A question of which comes first was dominant as oil shale development proponents told a Senate committee on May 15 that regulations need to be formulated and opponents said that impacts need to be quantified.

A question of which comes first was dominant as oil shale development proponents told a Senate committee on May 15 that regulations need to be formulated and opponents said that impacts need to be quantified.

"It seems to me that there should be a way forward that does not involve premature commercial leasing, that protects the interests of the American people and gives them a fair return on their resources, and that addresses concerns of local citizens, but still provides industry with the certainty it needs," Energy and Natural Resources Committee Chairman Jeff Bingaman (D-N.M.) said in his opening statement.
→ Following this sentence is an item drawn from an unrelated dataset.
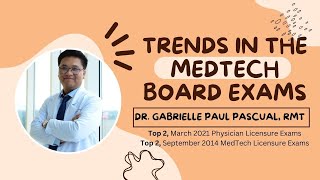 Trends in the MedTech Board Exams August 2023 Edition  Legend Review Center [upl. by Ginger740]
Pete V. Domenici (R-N.M.), the committee's ranking minority member, noted that the 2005 Energy Policy Act (EPACT) contained a provision to facilitate oil shale development. "Unfortunately, last year, without the benefit of full debate and conference as we had in the 2005 energy bill, Congress placed a one-year moratorium on preparing and publishing the final regulations for a commercial leasing program," he said.

Committee member Ken Salazar (D-Colo.) said that he sought the delay because important provisions dealing with oil shale development which were part of the 2005 energy bill that the Senate initially approved were stripped out when the measure went to conference with the House. "I believe it was someone named Pombo," he said, referring to then-House Natural Resources Committee Chairman Richard W. Pombo (R-Calif.).

'Restore orderly process'

Salazar said that a bill he introduced to amend EPACT on May 14 "would restore an orderly process for the potential development of oil shale and tar sands in Colorado, Utah and Wyoming and mirror the Senate-passed 2005 energy bill." It specifically would provide one year for federal completion of a programmatic environmental impact statement (PEIS) and an additional 90 days for governors of the affected states to comment, and provide one year for a commercial leasing program to be developed once the PEIS is complete.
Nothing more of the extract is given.